All but two Republican senators voted to confirm Patel, with Sens. Susan Collins (R-Maine) and Lisa Murkowski (R-Alaska) joining the Democrats in opposing him.
"Patel's confirmation is a direct threat to the safety and freedoms of every American, and every Republican senator who voted for him owns what comes next."
The rest of the Senate GOP voted to hand Trump "exactly what he wanted: a political enforcer at the helm of the FBI," said Christina Harvey, executive director of Stand Up America.
"Kash Patel is an unqualified extremist who openly promised to go after Trump's perceived enemies, including members of Congress, journalists, and law enforcement officials," said Harvey. "No FBI director in history has been so unqualified for the job.
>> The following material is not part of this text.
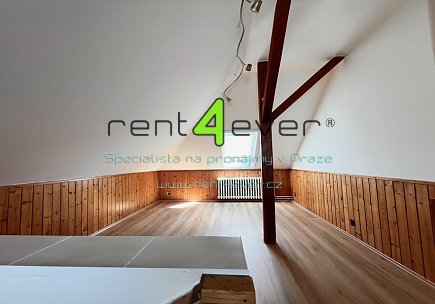 Pronájem bytu, Modřany, V hájkách, byt 3+kk v RD, 80 m2, cihla, balkon, nezařízený nábytkem, Rent4Ever.cz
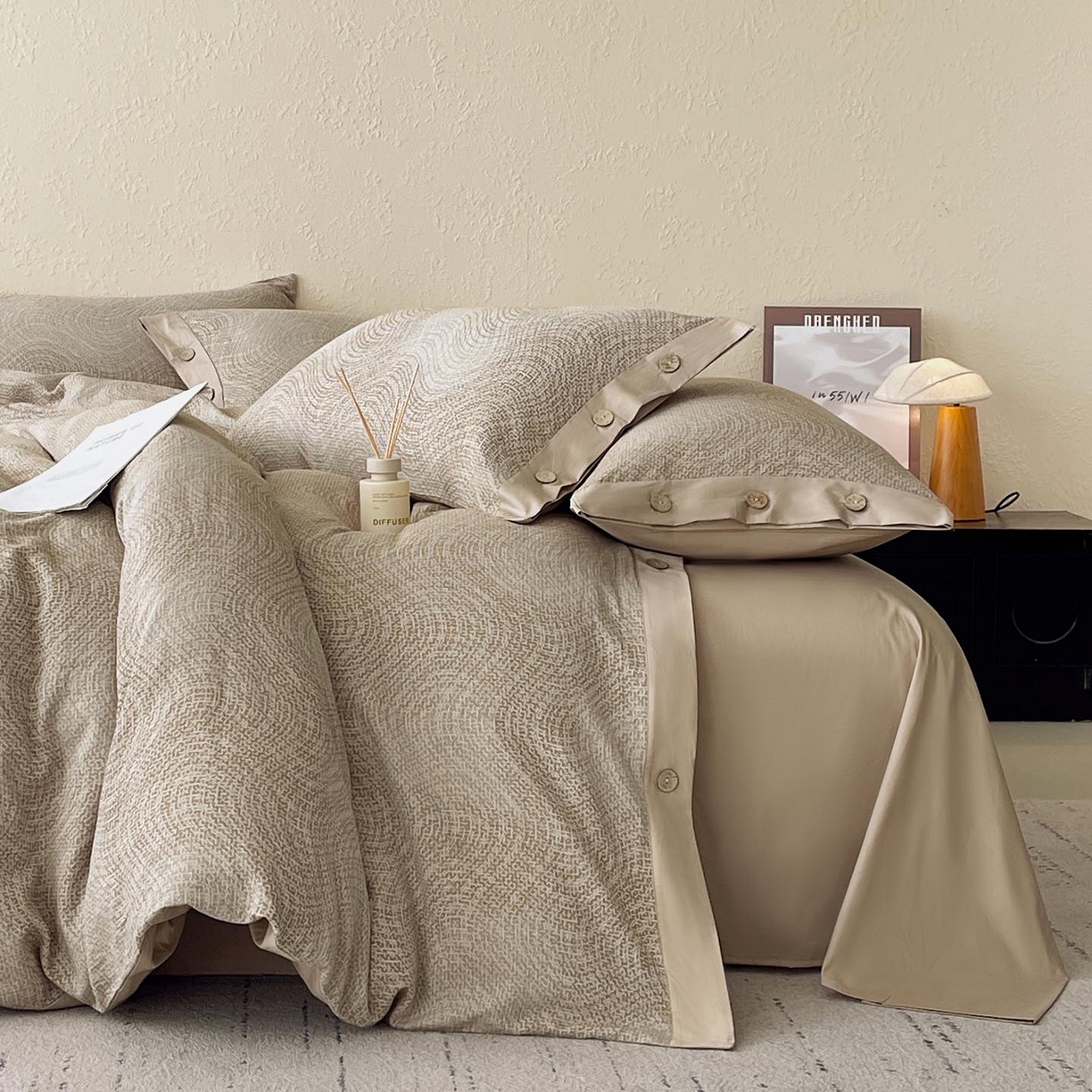 91家纺网 家纺一手货源 找家纺 帅露家纺 2026新款A类全棉纯棉色织大提花纽扣款四件套 幻境-金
Patel's confirmation is a direct threat to the safety and freedoms of every American, and every Republican senator who voted for him owns what comes next."
Republicans who supported Patel's confirmation, said Public Citizen co-president Lisa Gilbert, "made it clear that their loyalty is not to the American people or democracy, but to the increasingly authoritarian leadership of Donald Trump."
In 2023, Patel told former Trump adviser Steve Bannon that he would "go out and find the conspirators, not just in government but in the media. We're going to come after the people in the media who lied about American citizens who helped Joe Biden rig presidential elections."
In addition to pushing election denial conspiracy theories and threatening journalists, Patel has embraced the QAnon movement—identified by the FBI itself as a domestic terrorism threat—and expressed a desire to dismantle the law enforcement agency, replacing its headquarters with a "museum for the deep state."
He has also threatened to retaliate against thousands of FBI agents who have investigated the violent riot perpetrated by Trump supporters on January 6, 2021, aimed at overturning the 2020 election results.
"Patel's confirmation is a clear signal that federal law enforcement will be weaponized for political revenge," said Wendy Via, co-founder of the Global Project Against Hate and Extremism (GPAHE). "His own words lay out the blueprint—silencing critics, dismantling oversight, and punishing those he deems enemies. This is authoritarianism, not justice."
The FBI, said GPAHE, cannot be seen as "an independent institution" with Patel at the helm.
"It has become a weapon in a broader strategy to suppress dissent and reshape American governance in Trump's image," said the group. "As democracy crumbles under the weight of extremism, Patel's record signals that federal law enforcement will no longer serve the rule of law—it will serve the political ambitions of those in power."